The Sultan’s Pool, which was built in the upper part of the Ben-Hinnom Valley, is located in the lowest spot of the region and was therefore used as a reservoir for floodwater. To maintain the elevation of the aqueduct that passed through the pool, a bridge was constructed to support the aqueduct over the valley. The bridge is visible in photographs taken at the end of the nineteenth century (Fig. 2); however, it was covered over with alluvium during the twentieth century.
Conrad Schick was the first to describe the aqueduct and the bridge that carried it when he documented the Sultan’s Pool and its surroundings in 1898. The detailed plan and sections that accompany his article enabled the reconstruction of the aqueduct and the bridge; however, they are useless for dating the remains. The Lower Aqueduct provided water to Jerusalem as of the Hasmonean period and continued to function until the Ottoman period. Due to its prolonged use and the numerous repairs made to it, it is difficult to date the different phases. The method of construction in the southwestern section of the aqueduct is similar to sections of the aqueduct that were exposed in the past and were dated to the Early Roman period.

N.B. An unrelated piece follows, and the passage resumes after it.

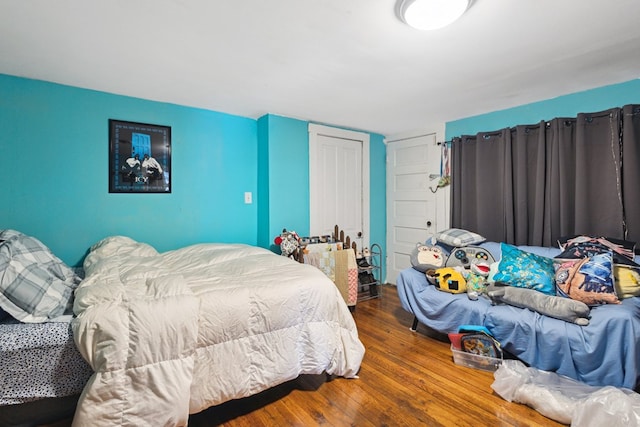 88 W Banner St, Lebanon, VA 24266 - bedroom featuring wood finished floors and a closet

The arch bridge, however, is dated to the Mamluk period, based on the dedicatory inscription from 1320 CE that was incorporated in it (it is visible in photographs but has not yet been exposed).
The report concludes:
The aqueduct was probably built originally in the Hasmonean period and crossed the channel in the Ben-Hinnom Valley on a bridge that was destroyed due to neglect or floods and a new bridge had replaced it in the Mamluk period.
The article includes five illustrations, including a plan and section of the excavation.